Although Dr Singh said he believes that glaucomatous disease will continue to be treated initially with medications in most circumstances in the developed world and that the number of stand-alone glaucoma operations will not increase substantially over the next 5 years, he does see the potential for tremendous growth in the number of combined cataract and glaucoma procedures. Further, trabeculectomy, the historical glaucoma surgery of choice in combined procedures, will not continue to hold this top position. "The threshold for performing combined procedures will decrease as we develop safer glaucoma operations, even if they do not lower IOP as much as trabeculectomy," he said. Patients who normally would be treated medically and not with surgery may undergo adjunctive glaucoma procedures when undergoing cataract surgery, thus potentially reducing the need for glaucoma medications in the post-cataract surgery years.

"As patients live longer and have cataract surgery earlier, there will be an increasing opportunity for patients to decrease the burden of disease and cost of glaucoma therapy in the years following cataract surgery by undergoing a combined procedure that will safely lower their IOP and reduce the dependence on glaucoma medications in the post-cataract surgery years," Dr Singh said.

There are several novel glaucoma surgical procedures that show much promise in replacing trabeculectomy as the operation of choice in combination with cataract surgery but none will replace trabeculectomy from the top spot as the stand-alone glaucoma operation for refractory glaucoma in the near future, according to Dr Singh.
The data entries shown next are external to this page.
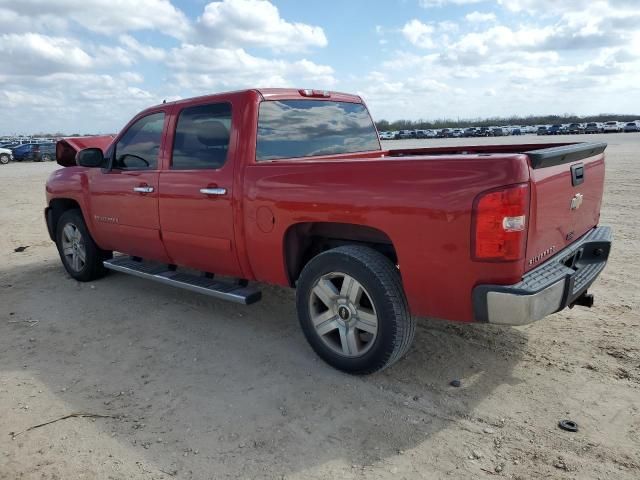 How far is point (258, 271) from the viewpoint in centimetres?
415

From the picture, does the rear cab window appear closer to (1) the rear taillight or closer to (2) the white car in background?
(1) the rear taillight

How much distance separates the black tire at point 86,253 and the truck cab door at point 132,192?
11.7 inches

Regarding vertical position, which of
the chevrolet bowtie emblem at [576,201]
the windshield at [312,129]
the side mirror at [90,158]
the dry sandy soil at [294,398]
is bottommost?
the dry sandy soil at [294,398]

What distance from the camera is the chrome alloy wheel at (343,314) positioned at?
3502 mm

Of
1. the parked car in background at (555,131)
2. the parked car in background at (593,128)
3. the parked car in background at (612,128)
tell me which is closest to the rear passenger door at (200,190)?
the parked car in background at (555,131)

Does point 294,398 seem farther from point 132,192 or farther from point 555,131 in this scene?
point 555,131

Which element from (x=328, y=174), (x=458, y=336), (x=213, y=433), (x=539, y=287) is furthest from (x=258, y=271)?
(x=539, y=287)

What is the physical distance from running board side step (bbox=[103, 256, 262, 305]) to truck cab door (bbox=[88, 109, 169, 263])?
15cm

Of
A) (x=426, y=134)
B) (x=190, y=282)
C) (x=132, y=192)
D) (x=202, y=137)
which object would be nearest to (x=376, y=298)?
(x=190, y=282)

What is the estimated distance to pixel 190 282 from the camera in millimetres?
4695

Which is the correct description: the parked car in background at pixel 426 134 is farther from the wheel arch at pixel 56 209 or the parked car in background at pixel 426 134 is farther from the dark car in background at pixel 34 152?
the wheel arch at pixel 56 209

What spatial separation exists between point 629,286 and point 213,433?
429cm

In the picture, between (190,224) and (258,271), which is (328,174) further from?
(190,224)

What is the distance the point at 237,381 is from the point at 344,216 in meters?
1.40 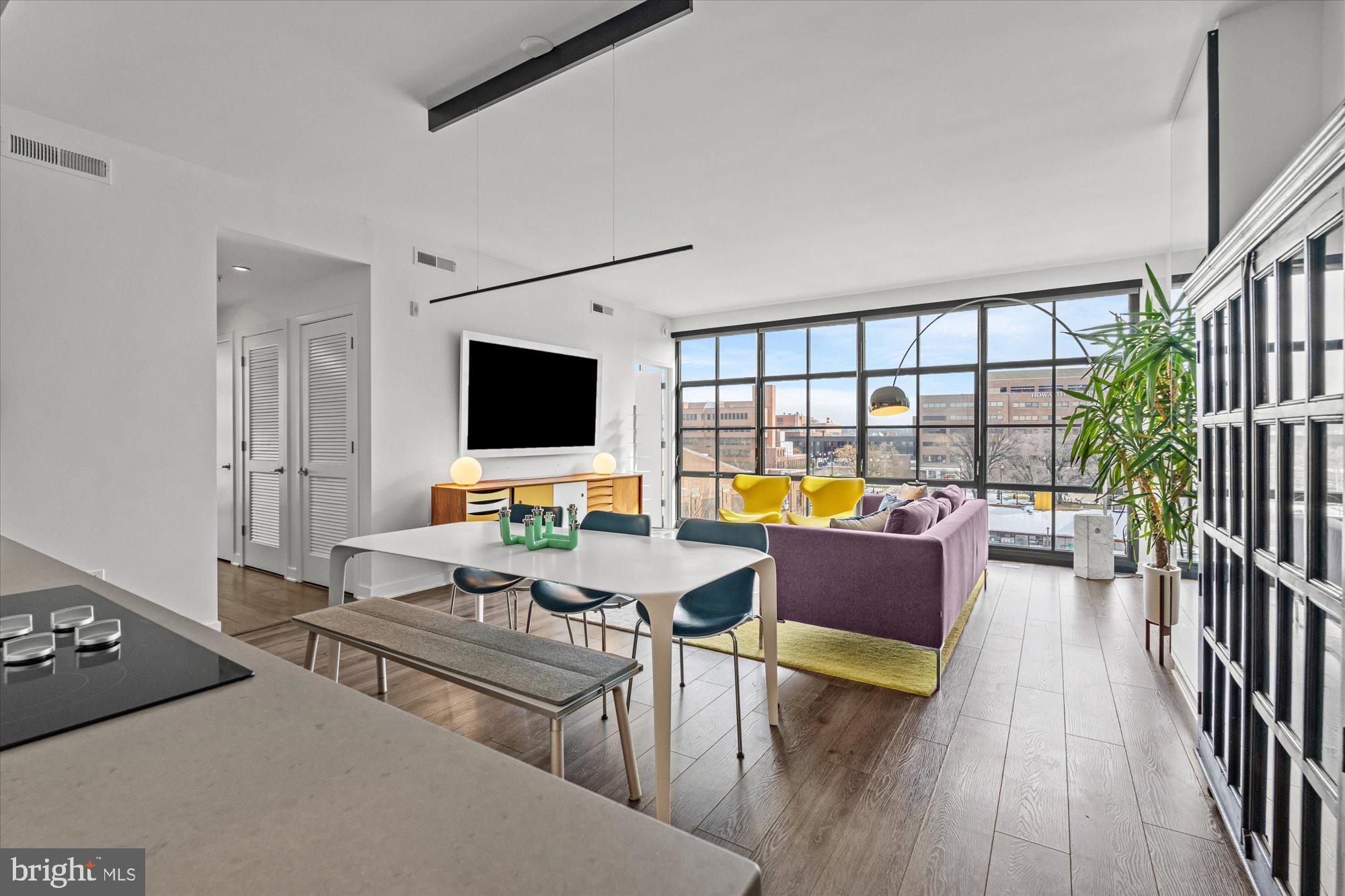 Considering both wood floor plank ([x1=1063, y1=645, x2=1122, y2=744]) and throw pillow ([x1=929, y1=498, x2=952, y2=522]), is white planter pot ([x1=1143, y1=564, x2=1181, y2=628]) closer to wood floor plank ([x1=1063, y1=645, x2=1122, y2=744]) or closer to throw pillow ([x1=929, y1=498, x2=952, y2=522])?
wood floor plank ([x1=1063, y1=645, x2=1122, y2=744])

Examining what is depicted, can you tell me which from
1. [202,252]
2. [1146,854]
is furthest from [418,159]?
[1146,854]

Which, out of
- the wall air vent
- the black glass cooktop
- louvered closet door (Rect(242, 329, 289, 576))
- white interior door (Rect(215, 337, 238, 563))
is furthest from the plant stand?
white interior door (Rect(215, 337, 238, 563))

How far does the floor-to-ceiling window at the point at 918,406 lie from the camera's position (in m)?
6.00

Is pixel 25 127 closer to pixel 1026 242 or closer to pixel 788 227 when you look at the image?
pixel 788 227

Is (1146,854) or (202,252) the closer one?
(1146,854)

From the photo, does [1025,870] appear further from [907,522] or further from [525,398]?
[525,398]

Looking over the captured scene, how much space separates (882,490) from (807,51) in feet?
16.1

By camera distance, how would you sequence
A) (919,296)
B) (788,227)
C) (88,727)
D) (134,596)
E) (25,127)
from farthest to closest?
(919,296), (788,227), (25,127), (134,596), (88,727)

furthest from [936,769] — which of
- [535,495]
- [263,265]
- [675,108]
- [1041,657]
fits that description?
[263,265]

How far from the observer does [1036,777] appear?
2.26 meters

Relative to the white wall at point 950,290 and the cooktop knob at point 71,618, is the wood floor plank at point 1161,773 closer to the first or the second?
the cooktop knob at point 71,618

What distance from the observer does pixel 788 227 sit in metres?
4.82

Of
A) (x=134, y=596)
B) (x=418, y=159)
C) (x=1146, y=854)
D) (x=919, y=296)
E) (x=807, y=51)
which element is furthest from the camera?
(x=919, y=296)

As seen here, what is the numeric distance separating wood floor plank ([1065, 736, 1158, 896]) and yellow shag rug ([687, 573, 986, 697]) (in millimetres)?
720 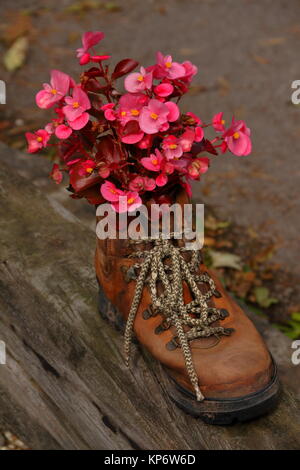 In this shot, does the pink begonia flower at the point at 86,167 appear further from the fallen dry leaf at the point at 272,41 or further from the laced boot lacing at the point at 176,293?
the fallen dry leaf at the point at 272,41

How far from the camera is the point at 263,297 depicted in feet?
10.4

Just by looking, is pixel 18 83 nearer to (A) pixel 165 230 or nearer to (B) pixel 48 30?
(B) pixel 48 30

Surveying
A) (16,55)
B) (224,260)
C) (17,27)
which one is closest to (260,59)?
(16,55)

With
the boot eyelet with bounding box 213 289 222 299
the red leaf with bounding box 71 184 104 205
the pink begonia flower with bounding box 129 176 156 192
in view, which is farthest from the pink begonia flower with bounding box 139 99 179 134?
the boot eyelet with bounding box 213 289 222 299

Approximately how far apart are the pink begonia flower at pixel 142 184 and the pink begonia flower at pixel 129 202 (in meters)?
0.02

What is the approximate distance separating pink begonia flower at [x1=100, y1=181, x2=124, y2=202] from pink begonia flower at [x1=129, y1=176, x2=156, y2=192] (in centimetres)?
3

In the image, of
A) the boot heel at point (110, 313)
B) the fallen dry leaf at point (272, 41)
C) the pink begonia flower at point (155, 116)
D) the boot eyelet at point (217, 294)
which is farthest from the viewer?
the fallen dry leaf at point (272, 41)

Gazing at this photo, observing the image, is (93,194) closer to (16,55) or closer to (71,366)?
(71,366)

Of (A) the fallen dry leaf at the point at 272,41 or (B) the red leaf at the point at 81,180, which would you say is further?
(A) the fallen dry leaf at the point at 272,41

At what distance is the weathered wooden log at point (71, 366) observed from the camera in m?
1.62

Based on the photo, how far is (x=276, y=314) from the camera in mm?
3098

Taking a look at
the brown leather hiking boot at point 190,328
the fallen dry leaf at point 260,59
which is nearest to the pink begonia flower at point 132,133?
the brown leather hiking boot at point 190,328

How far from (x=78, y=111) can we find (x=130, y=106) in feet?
0.42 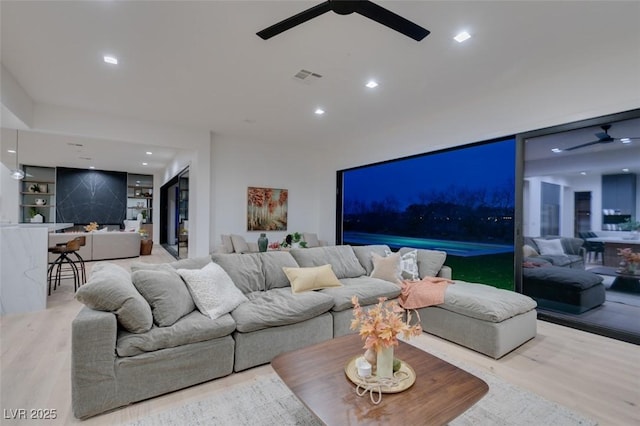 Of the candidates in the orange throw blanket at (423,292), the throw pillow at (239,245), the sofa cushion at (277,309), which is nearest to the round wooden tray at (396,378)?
the sofa cushion at (277,309)

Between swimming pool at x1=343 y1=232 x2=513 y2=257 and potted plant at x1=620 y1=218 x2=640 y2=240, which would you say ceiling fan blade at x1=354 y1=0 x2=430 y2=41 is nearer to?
potted plant at x1=620 y1=218 x2=640 y2=240

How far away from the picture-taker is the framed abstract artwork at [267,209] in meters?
6.84

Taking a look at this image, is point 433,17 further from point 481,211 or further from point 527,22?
point 481,211

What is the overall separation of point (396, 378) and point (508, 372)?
1.48 meters

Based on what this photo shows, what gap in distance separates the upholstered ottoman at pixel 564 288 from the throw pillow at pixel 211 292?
3626 millimetres

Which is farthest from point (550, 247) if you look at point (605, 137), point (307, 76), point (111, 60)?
point (111, 60)

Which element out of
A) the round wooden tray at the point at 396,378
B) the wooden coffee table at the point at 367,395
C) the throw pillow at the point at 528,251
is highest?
the throw pillow at the point at 528,251

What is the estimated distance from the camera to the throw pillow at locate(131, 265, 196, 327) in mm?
2225

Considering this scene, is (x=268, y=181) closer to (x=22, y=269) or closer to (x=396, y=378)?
(x=22, y=269)

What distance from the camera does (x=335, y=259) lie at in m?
3.92

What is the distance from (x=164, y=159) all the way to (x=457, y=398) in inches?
356

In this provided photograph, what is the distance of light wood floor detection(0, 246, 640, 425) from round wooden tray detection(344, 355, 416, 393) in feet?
3.34

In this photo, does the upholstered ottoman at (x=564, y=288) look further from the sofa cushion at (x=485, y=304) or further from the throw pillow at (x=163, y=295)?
the throw pillow at (x=163, y=295)

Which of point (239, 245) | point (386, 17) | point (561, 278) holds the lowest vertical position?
point (561, 278)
The cost of developing medications is high, sometimes $1 billion or more per product, he said. It is clear that developed countries, directly or indirectly, pay a disproportionally higher amount for the development of these drugs.

"It is hoped that the increasing numbers of patients with glaucoma in the years to come will spur innovations resulting in better glaucoma therapies in the future," Dr Singh concluded.